God’s presence in the Israelite camp is no small thing. His presence and His intimacy cannot be taken for granted and cannot be taken lightly. While one would think that it’d be impossible to just “get used” to having the presence of God be felt in the Tabernacle at all times, apparently that was a serious concern.
When the Tabernacle was constructed, a ritual had to be performed in order to prepare the space for God’a presence to dwell therein. This is our way of dedicating the space to one thing only, and reminding ourselves of the significant place that it will play in our lives.
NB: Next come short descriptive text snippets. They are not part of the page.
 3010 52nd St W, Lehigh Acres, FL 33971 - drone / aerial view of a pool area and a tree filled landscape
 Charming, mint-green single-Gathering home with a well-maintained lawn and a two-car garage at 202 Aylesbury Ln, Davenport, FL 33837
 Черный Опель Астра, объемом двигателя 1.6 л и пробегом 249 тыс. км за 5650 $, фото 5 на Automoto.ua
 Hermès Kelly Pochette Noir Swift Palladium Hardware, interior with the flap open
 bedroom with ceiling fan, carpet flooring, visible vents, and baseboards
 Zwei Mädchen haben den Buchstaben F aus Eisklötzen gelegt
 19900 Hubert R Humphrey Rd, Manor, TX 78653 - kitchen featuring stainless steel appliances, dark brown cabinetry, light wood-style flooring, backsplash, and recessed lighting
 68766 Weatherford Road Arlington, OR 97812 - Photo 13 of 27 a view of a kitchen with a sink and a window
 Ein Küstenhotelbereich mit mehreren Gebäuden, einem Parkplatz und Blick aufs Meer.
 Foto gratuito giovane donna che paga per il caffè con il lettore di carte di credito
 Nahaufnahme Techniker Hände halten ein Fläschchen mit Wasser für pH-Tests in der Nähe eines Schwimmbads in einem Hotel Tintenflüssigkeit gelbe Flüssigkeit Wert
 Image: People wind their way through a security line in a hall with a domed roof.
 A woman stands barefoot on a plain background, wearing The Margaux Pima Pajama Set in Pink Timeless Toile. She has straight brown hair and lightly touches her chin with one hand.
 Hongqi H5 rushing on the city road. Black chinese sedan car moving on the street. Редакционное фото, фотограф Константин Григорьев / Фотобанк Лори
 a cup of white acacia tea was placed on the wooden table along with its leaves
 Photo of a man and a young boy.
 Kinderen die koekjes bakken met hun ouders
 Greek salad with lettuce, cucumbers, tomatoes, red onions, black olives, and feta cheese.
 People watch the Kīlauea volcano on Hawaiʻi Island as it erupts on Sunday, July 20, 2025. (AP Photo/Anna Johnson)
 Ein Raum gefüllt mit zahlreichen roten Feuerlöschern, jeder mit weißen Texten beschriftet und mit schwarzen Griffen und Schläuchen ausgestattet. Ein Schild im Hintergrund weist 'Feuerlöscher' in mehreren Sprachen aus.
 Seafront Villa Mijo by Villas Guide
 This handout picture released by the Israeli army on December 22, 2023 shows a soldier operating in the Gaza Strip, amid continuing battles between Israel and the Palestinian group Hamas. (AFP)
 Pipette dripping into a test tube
To be in an intimate relationship with God, we need to always be aware of the specialness of this encounter, and not misuse or abuse the places set aside for worshipping Him. If we truly feel His presence in those places, then we need to treat them with respect and adequately prepare ourselves for that encounter.
In closing, the day of atonement is absolutely about stoning for specific sins. That much is clear from Leviticus 16 and the words of the Prophets that we read on this day, which urge us to repent. But it’s also about protection. Protecting both ourselves and our spaces set aside for worshipping God from the judgment that flows from that encounter. If we haven’t made our temples and our lives into a home that God feels comfortable dwelling in, then He’ll just leave. And that’s the worst punishment. As Isaiah says, “your iniquities have separated you from your God (59:2).”
So maybe atonement doesn’t truly capture what we’re doing on Yom Kippur. I like to think of it as remodeling—both of our selves and of our sacred spaces. Home improvement, if you will.